__WHAT THIS TASK INVOLVES__. Beginning with the first line of the data below, extract each line up to and including the one containing "MAJOR_DAD_-_E2X16_THE_NAME_IS_OVER_HERE_099.jpg". Copy them exactly and add nothing.

__RECORDS FOR THE TASK__.
______________________________

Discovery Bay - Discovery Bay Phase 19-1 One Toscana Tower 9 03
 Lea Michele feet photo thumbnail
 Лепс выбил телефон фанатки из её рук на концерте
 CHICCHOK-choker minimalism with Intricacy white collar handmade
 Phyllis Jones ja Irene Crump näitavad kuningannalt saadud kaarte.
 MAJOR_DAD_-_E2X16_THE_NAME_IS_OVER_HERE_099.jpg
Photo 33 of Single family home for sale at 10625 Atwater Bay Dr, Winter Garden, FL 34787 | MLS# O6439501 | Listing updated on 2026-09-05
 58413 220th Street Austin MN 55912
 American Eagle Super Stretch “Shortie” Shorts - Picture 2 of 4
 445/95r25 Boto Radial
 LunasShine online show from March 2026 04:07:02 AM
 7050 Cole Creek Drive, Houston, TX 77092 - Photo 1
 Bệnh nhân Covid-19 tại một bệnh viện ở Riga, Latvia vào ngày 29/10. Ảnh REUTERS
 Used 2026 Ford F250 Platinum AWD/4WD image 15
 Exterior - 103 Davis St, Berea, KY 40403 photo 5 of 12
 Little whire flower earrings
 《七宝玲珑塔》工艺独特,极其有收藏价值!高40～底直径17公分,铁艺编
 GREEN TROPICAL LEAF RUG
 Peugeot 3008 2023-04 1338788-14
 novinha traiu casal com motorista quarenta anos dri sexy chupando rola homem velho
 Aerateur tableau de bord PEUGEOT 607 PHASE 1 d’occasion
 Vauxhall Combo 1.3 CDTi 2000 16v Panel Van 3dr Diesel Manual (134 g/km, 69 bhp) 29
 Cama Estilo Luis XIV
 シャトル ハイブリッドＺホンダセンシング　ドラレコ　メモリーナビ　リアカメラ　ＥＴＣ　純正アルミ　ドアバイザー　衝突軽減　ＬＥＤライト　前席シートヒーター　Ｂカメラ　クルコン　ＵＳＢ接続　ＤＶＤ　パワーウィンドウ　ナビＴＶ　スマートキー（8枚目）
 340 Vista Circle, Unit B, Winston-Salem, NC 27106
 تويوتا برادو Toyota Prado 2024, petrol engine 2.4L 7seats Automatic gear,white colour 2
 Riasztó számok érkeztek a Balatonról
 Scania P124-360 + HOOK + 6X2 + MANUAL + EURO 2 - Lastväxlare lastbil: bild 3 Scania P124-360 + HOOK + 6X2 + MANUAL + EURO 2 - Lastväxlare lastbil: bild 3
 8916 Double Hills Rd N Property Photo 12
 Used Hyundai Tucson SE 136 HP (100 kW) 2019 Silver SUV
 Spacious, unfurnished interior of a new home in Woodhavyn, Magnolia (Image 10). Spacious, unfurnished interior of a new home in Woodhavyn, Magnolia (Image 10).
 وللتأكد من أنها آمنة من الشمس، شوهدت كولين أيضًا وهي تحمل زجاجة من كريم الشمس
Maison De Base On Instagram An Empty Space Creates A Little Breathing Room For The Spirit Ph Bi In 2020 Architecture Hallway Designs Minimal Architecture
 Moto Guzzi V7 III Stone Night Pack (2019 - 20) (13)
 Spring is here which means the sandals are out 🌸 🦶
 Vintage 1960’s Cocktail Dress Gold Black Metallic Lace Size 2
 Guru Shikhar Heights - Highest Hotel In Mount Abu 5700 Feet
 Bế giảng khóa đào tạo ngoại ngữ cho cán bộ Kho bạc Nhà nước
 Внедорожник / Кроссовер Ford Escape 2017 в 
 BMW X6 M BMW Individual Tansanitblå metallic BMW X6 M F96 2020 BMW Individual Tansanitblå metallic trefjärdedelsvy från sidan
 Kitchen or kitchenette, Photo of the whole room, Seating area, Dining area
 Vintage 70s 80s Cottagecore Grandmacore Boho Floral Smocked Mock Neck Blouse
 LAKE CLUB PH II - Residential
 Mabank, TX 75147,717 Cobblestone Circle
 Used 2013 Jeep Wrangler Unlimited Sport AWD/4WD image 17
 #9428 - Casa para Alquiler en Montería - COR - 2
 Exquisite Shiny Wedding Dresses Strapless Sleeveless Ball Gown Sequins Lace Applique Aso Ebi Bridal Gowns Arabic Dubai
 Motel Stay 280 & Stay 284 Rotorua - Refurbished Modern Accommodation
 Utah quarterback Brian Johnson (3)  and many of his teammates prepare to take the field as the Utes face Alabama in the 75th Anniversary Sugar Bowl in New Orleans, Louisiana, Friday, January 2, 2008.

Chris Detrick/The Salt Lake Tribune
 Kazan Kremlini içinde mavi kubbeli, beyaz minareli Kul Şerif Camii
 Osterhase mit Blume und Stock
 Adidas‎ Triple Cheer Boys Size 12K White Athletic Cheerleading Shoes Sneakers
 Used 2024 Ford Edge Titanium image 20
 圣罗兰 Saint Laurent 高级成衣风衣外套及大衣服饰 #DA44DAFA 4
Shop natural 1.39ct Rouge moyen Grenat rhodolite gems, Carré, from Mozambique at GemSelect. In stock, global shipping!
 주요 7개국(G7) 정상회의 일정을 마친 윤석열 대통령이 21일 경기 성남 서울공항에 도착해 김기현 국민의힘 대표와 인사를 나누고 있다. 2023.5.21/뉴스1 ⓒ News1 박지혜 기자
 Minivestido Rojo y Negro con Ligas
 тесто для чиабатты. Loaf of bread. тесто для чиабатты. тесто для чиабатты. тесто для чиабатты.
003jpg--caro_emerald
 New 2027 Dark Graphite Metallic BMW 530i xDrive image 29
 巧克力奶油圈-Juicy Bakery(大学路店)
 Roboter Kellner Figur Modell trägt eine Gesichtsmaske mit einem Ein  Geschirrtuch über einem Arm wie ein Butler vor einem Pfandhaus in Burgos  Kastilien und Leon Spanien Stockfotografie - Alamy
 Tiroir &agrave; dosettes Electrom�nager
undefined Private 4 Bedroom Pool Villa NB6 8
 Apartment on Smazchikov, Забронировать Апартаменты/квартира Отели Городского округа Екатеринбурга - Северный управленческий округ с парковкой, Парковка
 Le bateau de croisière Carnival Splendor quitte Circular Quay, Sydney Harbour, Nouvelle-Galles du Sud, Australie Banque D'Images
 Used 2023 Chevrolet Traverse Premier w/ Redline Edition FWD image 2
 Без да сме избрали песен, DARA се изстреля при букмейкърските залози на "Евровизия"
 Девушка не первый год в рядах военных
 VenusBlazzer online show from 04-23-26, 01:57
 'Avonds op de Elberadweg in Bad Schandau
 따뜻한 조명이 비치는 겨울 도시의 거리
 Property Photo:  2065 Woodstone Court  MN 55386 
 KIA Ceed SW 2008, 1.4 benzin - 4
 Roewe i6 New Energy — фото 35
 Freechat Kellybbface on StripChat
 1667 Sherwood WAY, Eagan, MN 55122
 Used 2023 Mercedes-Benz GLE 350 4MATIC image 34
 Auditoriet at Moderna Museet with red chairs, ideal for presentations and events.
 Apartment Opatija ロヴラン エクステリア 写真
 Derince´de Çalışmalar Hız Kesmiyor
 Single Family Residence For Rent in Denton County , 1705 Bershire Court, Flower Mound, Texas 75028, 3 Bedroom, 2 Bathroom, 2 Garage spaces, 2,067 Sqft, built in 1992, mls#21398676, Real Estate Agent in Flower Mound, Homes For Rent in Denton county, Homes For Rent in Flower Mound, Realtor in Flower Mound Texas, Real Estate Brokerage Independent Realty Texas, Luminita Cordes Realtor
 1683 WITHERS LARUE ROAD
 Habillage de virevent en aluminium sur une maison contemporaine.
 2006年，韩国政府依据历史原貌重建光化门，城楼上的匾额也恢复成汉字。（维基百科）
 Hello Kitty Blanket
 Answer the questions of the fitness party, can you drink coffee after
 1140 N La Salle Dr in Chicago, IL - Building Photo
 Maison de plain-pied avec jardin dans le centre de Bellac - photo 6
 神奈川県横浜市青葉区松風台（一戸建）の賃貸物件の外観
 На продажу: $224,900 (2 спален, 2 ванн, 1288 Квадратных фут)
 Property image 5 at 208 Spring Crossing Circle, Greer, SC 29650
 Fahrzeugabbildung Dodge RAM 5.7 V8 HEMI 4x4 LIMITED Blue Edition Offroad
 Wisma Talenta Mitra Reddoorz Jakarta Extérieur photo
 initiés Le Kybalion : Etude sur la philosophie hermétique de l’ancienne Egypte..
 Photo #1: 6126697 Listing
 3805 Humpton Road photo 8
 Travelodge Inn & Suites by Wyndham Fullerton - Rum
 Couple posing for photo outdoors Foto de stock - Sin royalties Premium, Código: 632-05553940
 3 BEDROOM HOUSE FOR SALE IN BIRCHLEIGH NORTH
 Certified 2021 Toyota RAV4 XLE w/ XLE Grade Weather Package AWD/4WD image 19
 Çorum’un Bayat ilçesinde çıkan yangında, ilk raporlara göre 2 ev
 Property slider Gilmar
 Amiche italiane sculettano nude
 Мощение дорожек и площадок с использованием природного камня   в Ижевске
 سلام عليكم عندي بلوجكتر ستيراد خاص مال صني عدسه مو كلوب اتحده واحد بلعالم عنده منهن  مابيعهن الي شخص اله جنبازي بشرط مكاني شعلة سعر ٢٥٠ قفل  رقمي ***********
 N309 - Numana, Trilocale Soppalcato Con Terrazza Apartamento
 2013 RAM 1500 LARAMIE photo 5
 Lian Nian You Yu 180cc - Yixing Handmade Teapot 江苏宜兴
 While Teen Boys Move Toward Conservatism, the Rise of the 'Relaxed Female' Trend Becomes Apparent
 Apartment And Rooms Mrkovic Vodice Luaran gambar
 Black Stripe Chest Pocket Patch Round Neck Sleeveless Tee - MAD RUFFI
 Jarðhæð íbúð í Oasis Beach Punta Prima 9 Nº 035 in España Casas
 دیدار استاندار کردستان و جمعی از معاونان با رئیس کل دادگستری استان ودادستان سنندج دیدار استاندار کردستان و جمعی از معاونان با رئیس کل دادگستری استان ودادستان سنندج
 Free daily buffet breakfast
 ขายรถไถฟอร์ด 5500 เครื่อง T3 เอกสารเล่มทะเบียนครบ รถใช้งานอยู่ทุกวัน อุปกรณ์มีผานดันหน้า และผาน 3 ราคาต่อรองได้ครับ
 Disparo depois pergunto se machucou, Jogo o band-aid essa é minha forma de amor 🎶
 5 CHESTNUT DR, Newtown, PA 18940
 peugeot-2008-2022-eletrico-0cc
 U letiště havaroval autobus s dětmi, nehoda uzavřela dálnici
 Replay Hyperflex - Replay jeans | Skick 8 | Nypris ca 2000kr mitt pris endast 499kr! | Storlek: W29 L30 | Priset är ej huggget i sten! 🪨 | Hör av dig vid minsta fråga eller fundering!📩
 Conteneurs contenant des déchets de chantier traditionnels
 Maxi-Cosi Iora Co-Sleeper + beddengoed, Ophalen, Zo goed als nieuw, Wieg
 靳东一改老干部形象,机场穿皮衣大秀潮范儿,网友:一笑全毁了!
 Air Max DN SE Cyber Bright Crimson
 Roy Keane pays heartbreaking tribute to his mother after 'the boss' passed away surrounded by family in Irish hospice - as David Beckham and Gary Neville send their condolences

______________________________

__RESULT OF THIS TASK__.
Discovery Bay - Discovery Bay Phase 19-1 One Toscana Tower 9 03
 Lea Michele feet photo thumbnail
 Лепс выбил телефон фанатки из её рук на концерте
 CHICCHOK-choker minimalism with Intricacy white collar handmade
 Phyllis Jones ja Irene Crump näitavad kuningannalt saadud kaarte.
 MAJOR_DAD_-_E2X16_THE_NAME_IS_OVER_HERE_099.jpg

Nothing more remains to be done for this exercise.